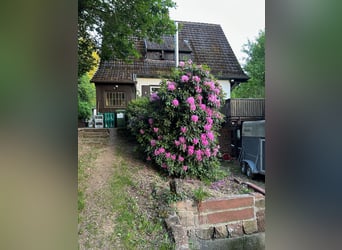Casa con stalla, round pen e campo da salto in posizione tranquilla ai margini del paese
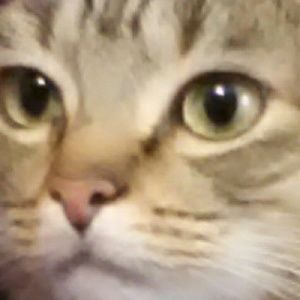 Meet your Posher, Lois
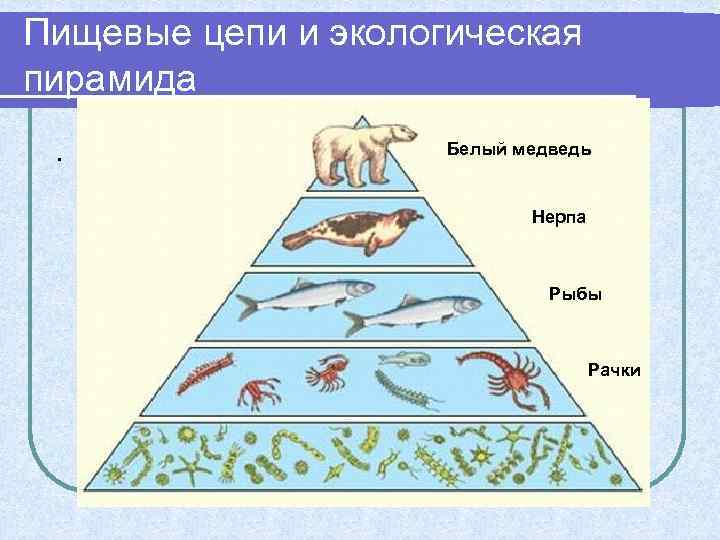 Пищевые цепи и экологическая пирамида. Белый медведь Нерпа Рыбы Рачки 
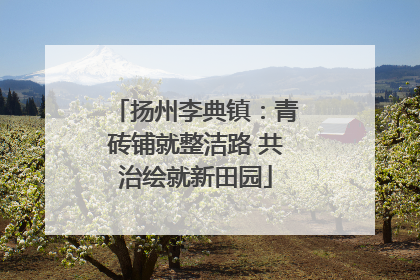 扬州李典镇：青砖铺就整洁路 共治绘就新田园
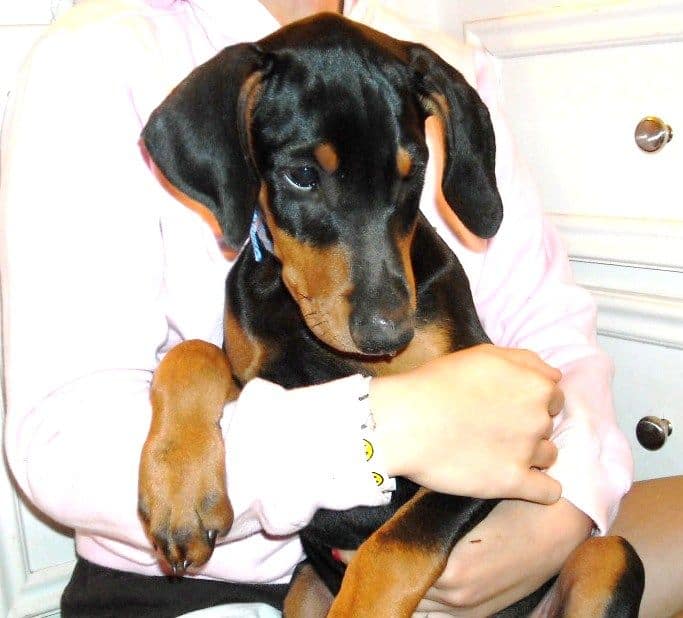 black and rust 11 week old male doberman puppy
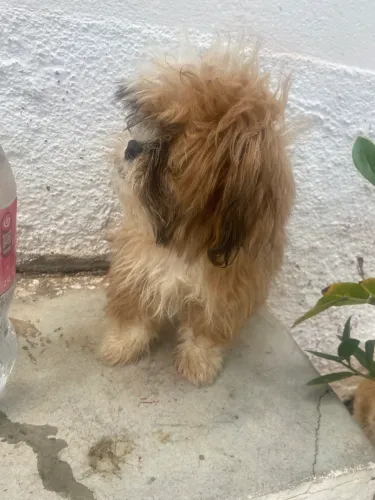 Vendo filhote de Shih Tzu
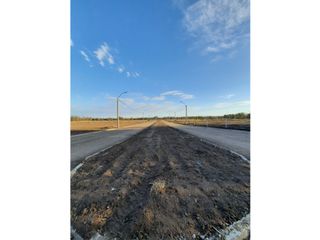 Foto 8 de VENTA-LOTES-SINSACATE-LOS ALGARROBOS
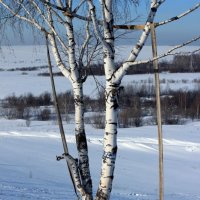 Одиночество. :: Радмир Арсеньев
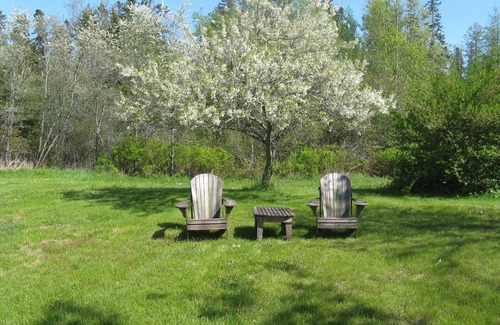 Bernard Apartamento | Aldernest Loft - 'Quietside' de Mount Desert Island / Parque Nacional Acadia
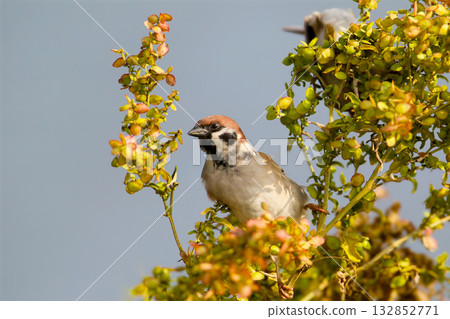 Eurasian tree sparrow (Passer montanus) Eurasian tree sparrow (Passer montanus) 132852771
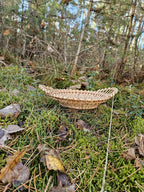 Padėklas — vytelių padėklas, 3 nuotrauka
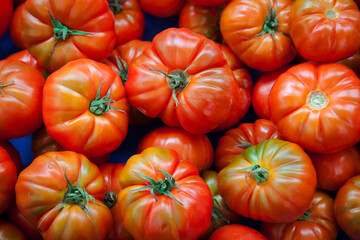 Top view of ripe tomatoes. Organic garden vegetables. Harvest  and healthy food concept.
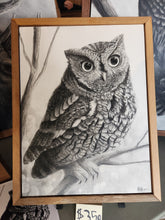 Load image into Gallery viewer, Western Screech Owl (Original)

* * * * * * *

→ **Aim of the exercise**
The lines from the one containing "Foto 8 de VENTA-LOTES-SINSACATE-LOS" to the end of the material must be output exactly, both ends included; no picture may appear.

→ **Solution to the exercise**
 Foto 8 de VENTA-LOTES-SINSACATE-LOS ALGARROBOS
 Одиночество. :: Радмир Арсеньев
 Bernard Apartamento | Aldernest Loft - 'Quietside' de Mount Desert Island / Parque Nacional Acadia
 Eurasian tree sparrow (Passer montanus) Eurasian tree sparrow (Passer montanus) 132852771
 Padėklas — vytelių padėklas, 3 nuotrauka
 Top view of ripe tomatoes. Organic garden vegetables. Harvest  and healthy food concept.
 Load image into Gallery viewer, Western Screech Owl (Original)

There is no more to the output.